A python program with a Gooey GUI to read, translate DOCX files and write PO files all in a few clicks.
Specially designed for documents that includes parameters starting with "ID*_*" or enclosed by @ , excluding them from the translation. Helpful to translate auto-fill templates, not changing any variable names so the parameters can still be easily recognized and applied.
The main steps followed by the code are:
- Importing all the documents from the indicated path into a big TXT file that contains every character that appears in the documents.
- Loading this TXT file and converting to a data frame for easier data processing.

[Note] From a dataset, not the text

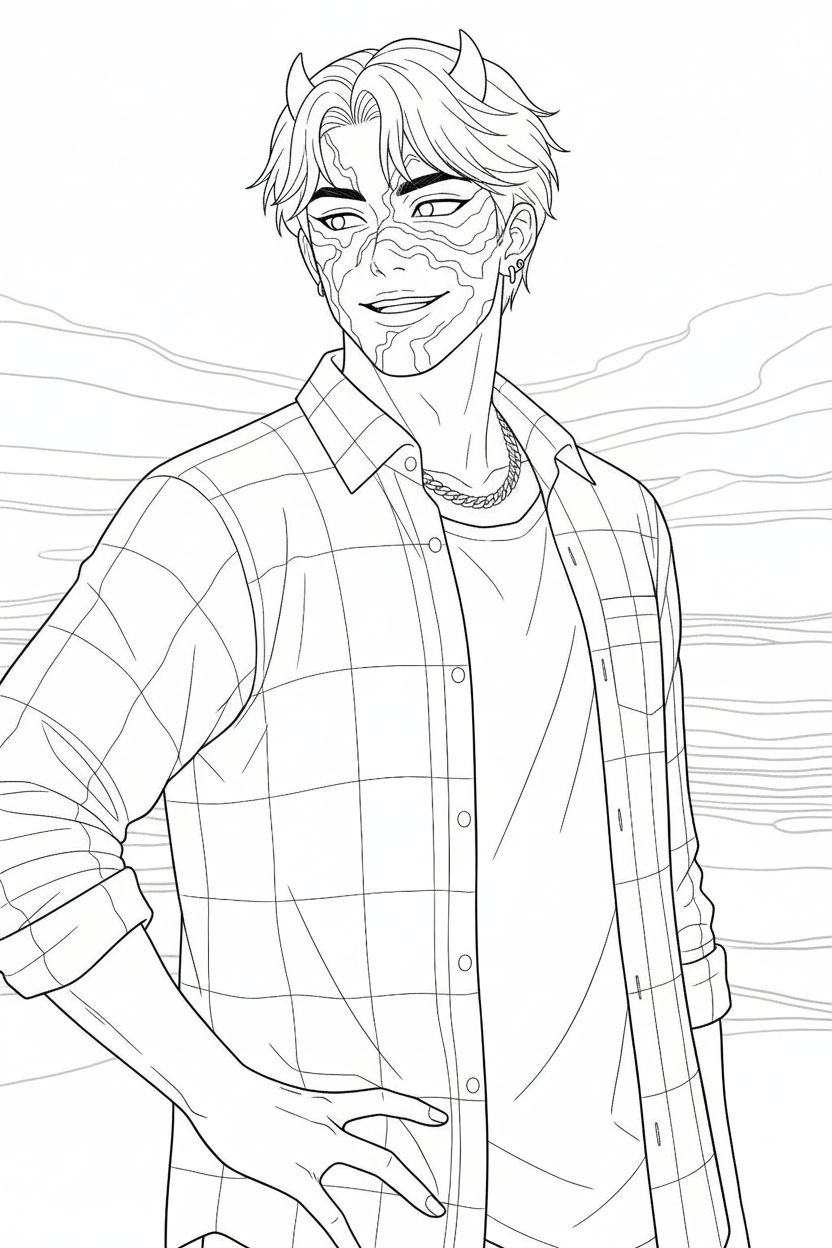 Saja Boys coloring pages for adults easy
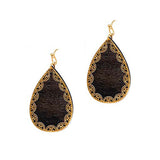 93651, TEARDROP FILIGREE ACCENT WOOD EARRING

- Cleaning the initial data frame, deleting repeated phrases and empty or NA values.
- Identify every word that starts with "ID*_*" or is enclosed by @ (indicating that these are variables) and add to a new data frame.

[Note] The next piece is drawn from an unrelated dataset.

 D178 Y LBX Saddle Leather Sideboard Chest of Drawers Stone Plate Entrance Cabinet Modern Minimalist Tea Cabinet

- Assign to every registered variable a randomly generated unique 4-digit code.
- Replace every variable with it's assigned code in the data frame that contains every unique phrase from the document list.
- Using the mtranslate library, translate every phrase from the data frame to the desired language.

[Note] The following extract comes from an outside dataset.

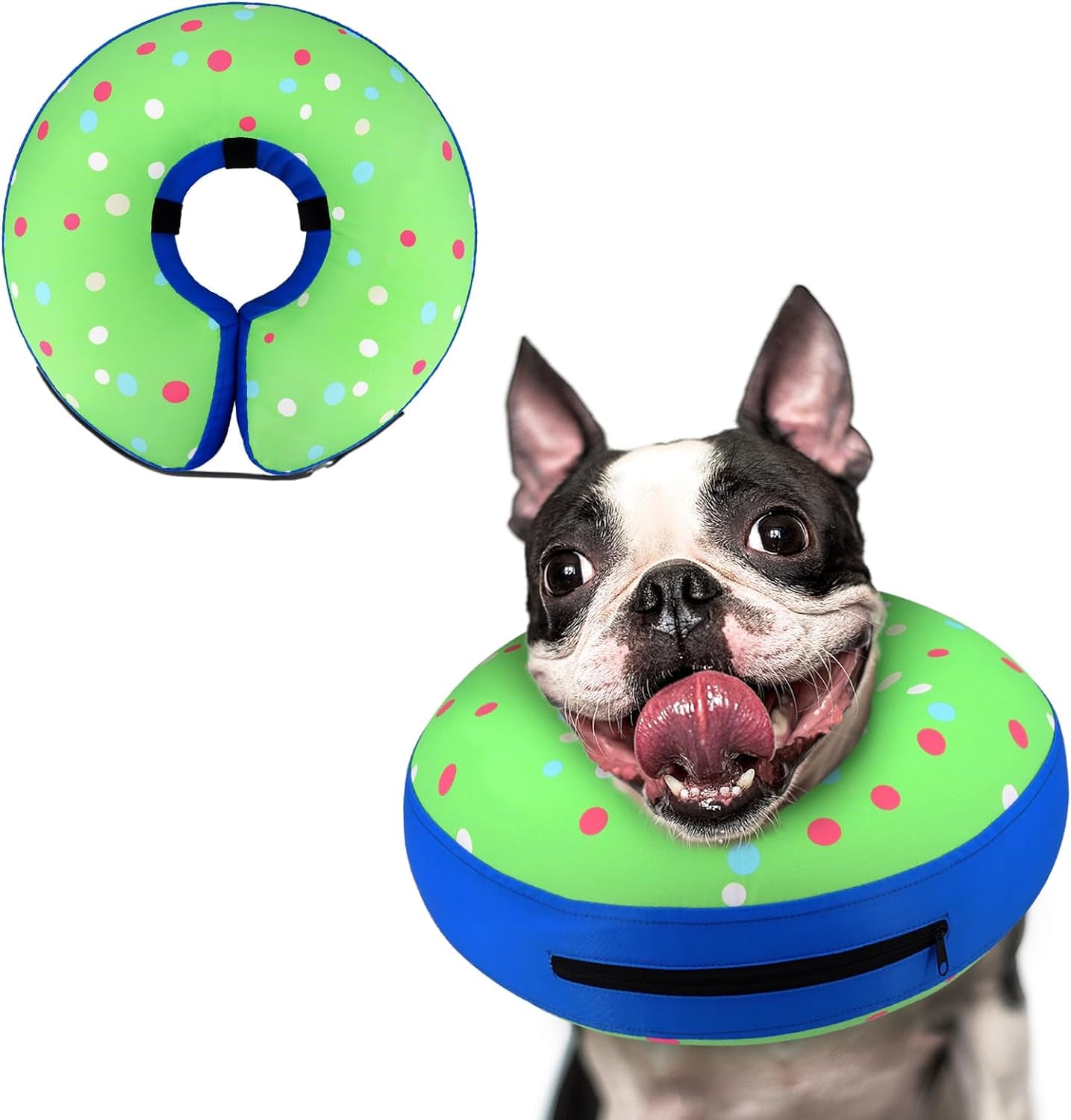 Inflatable Dog Cone Collar Alternative after Surgery, Doggie Neck Donut Collar Recovery Ecollar for Post Surgery, Soft Dog Cone for Small Medium Puppies Cats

- Referring to the data frame containing the variables and associated codes, replace every code with the original variable name.
- Using the Levenshtein python library, apply the Levenshtein distance to the phrases and create a TXT files that collects the results.
- This helps identify phrases that have very little differences in characters.
- In this case, it is indicated to identify phrases that have a difference of less than 3 characters.
- Write a TXT file with the format:
# Comments
msgid "original word"
msgstr "translated word"
- Create a copy of this file and change the extension from TXT to PO
In case that the document's variables are not unified under the "ID*" prefix, there is a code provided to change the prefixes (id*, Tx, @ ) to the desired one. There are two versions of this code, one to be applied to DOCX files and one for TXT files. These can be found as Variable_Unification_DOCX.py and Variable_Unification_TXT.py in the "Desarrollo" folder.